Painters and musicians and other “creative types” don’t hold a monopoly on art. When we create something new, inimitable, and intensely personal – and then take the risk of putting it out for the world to see and judge, we’re artists.
There are plenty of artists among us:
- The entrepreneur who gives back by devoting himself to making his whole city more entrepreneurial
- The activist committed to spreading freedom of information – even at the expense of his own liberty and life
- The foodie who makes her own opportunities by creating her own world around her interests instead of just waiting for them to fall into her lap
- The junior-level data entry employee who figures out a better way to do things instead of just blindly following the company script
I always flinch whenever I hear someone say that they’re “not artistic”. We’re no longer sitting on assembly lines memorizing rote instructions and carrying out orders like robots. We’re each privileged enough to be able to strive for greatness, to fully apply ourselves and take risks and make a dent in the world, no matter how small. This process is art, and you have the ability to create art for your entire life.

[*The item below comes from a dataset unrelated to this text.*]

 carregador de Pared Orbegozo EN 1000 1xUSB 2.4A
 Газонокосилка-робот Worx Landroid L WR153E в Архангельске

But the moment you renounce art by not caring, by treating your life’s work as “just a job” – you cease being an artist and you become just another cog in the machine. You’re not sticking it to the man and you’re not a cool hipster for caring less than everyone else. You’re just denying yourself the ability to really live.
“What is the most depraved type of human being?”
“The one without purpose.”
Sure, it takes effort to create art instead of putting in the minumum amount of work required. But the feeling you get when you hold nothing back and fully apply yourself to your chosen task can only be described as pure transcendant joy. Forget money and fame – extrinsic motivators are nice but not even comparable. Creating art by applying yourself fully to whatever you choose to do is the most divine purpose of life.